Rogovin photographed the miners of Appalachia for twenty years from the 1960s. In the 1980s he received the W. Eugene Smith Award to extend his work to Europe, Asia, South Africa, China, Mexico and Cuba. His photographs lie in the tradition of American social documentary photography and Rogovin approached the subjects with exacting realism. The artist stated: “As a rule I have no preconceived ideas as to what kind of face or pose I’m looking for. When the stance, the dress of the worker, or the objects surrounding this person seem to me to be ‘just right’, then I will ask to take a picture.”

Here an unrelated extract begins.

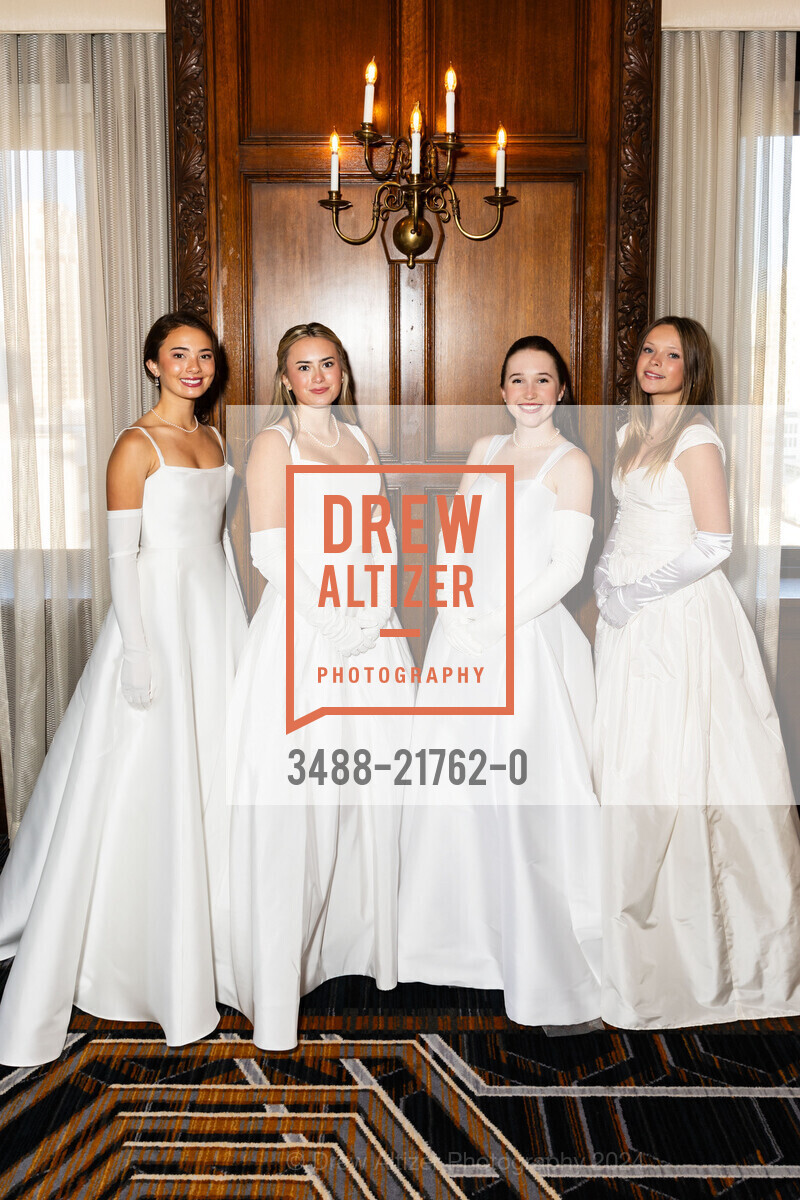 Lily Solstice Clemen, Elzabeth Bladen Hawthornthwaite, Langan Genevieve Garrett, Mitchell Fay Ladd, CPMC Debutante Ball 2024, The Westin St. Francis San Francisco on Union Square. 335 Powell St, SF, CA 94102 US, June 15th, 2024, Photo #3488-21762-0 Lily Solstice Clemen, Elzabeth Bladen Hawthornthwaite, Langan Genevieve Garrett, Mitchell Fay Ladd, Photo #3488-21762-0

Milton Rogovin (American, 1909 - 2011)
Born in New York, Rogovin was one of America’s most significant social documentary photographers. However, he initially trained as an optometrist at Columba University and in 1939 moved to Buffalo to establish his own optometric business. Rogovin was profoundly affected by the Great Depression and he subsequently became a political victim of the suspicious, anti-communist McCarthy regime in 1952. As a result, he turned to photography as a means of expressing his views. His photography was consciously humanist and focuses on the dispossessed; he said: “The rich have their own photographers…I photograph the forgotten ones”. He went on to study American Studies at the University of Buffalo; where he then taught documentary photography until 1974.